Mark Nightingale's Dankworth Quintet (January 2017)
We really enjoyed last Saturdays concert, it was superb and our guests thought we are so privileged to have such amazing calibre of players within walking distance from home.
(From C&I M)
Pedigree Jazz Band (September 2016)
We really enjoyed the concert last night, great music and very professional. It exceeded our expectations.
Nick Care Big Band (April 2016)
I had to write to say what a wonderful evening my wife and I had at last night’s gig. Nick Care’s big band gave us hope that whilst there are so many talented young musicians jazz still has a great future. We thought there was a perfect balance to the programme and the arrangements and solos were really exciting. Also, Nick’s compering was most amusing.

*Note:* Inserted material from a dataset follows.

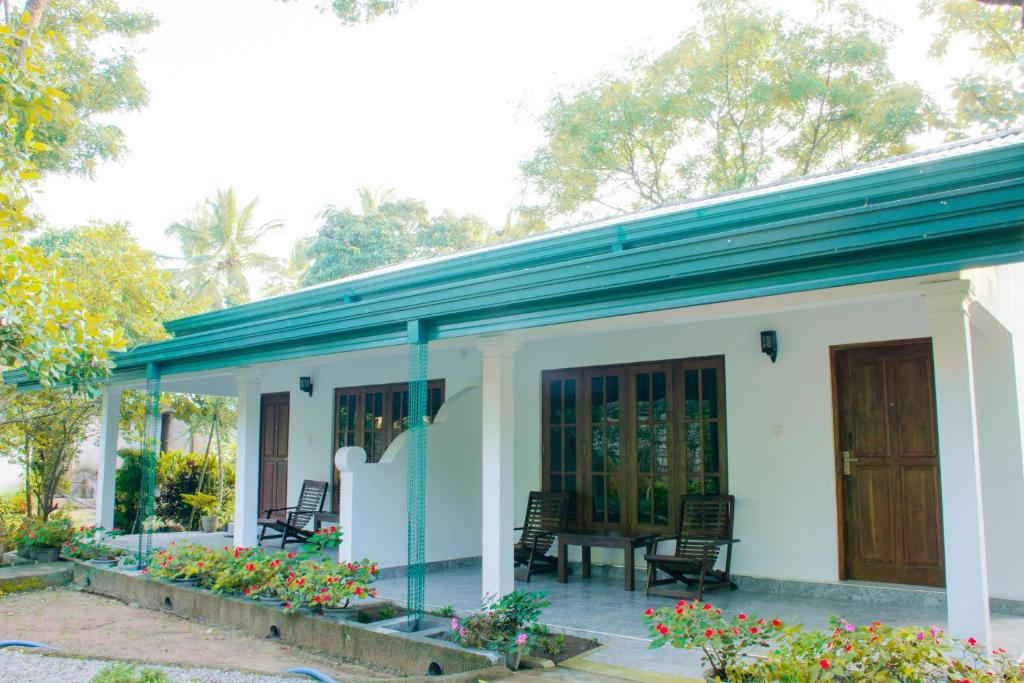 Image of  Tamarind Tamarind Resort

I have no hesitation in thoroughly recommending anyone to go and see this band and hope the club can tempt them back in the not too distant future.
(From PG / AG)
We really enjoyed Nick Care’s Big Band on Saturday Night. It was one of the Best Concerts, that is saying something, because we have been going to Berk Jazz Concert’s for 18 Years now. Well Done, for Organising it. Many Thanks.
Derek Nash Quartet (April 2015)
For me was the best evening for this season …. Superb gig. Great musicianship & so good to see such joie de vivre & enjoyment from all the quartet.
We are constantly amazed at the quality of the performances at the venue. So much enjoyment at such a small cost. Thank you for your work in providing so many wonderful evenings there. (Spring 2015)
Robert Fowler's Gerry Mulligan Concert Jazz Band (December 2014)
… Fabulous. Good to see … a big band.
Lenore Raphael (November 2014)
I keep thinking about how much I enjoyed performing in Berkhamsted. What a wonderful audience!!!!
From Lenore Raphael
And Lenore wrote this in her Newsletter:
I just returned from England where I had a wonderful concert in Berkhamsted for the Jazz Society. We had a packed house and a wonderful audience of REAL jazz lovers. Thank you … for keeping jazz alive and well in Berkhamsted.
Dave Moorwood's Rascals Of Rhythm (January 2014)
It was good … to enjoy a session of music again. I couldn’t decide precisely what type of jazz it was so I asked Dave Moorwood and he couldn’t either, so we settled on swing! …. I enclose a cheque which covers the rest of the season’s sessions.
Darius Brubeck 2013
The piece below was written after the concert by Darius Brubeck in February 2013:
Darius Brubeck’s latest CD was recorded in Romania and South Africa, nicely illustrating that he’s done more than most to ensure that jazz has become a true world music. As a boy, Darius accompanied his father on much of the tour that resulted in pieces like the Turkish-inspired “Blue Rondo A La Turk”, and he’s spent much of his working life in South Africa. Currently he has a base in London, which makes a visit to Berkhamsted pretty straightforward.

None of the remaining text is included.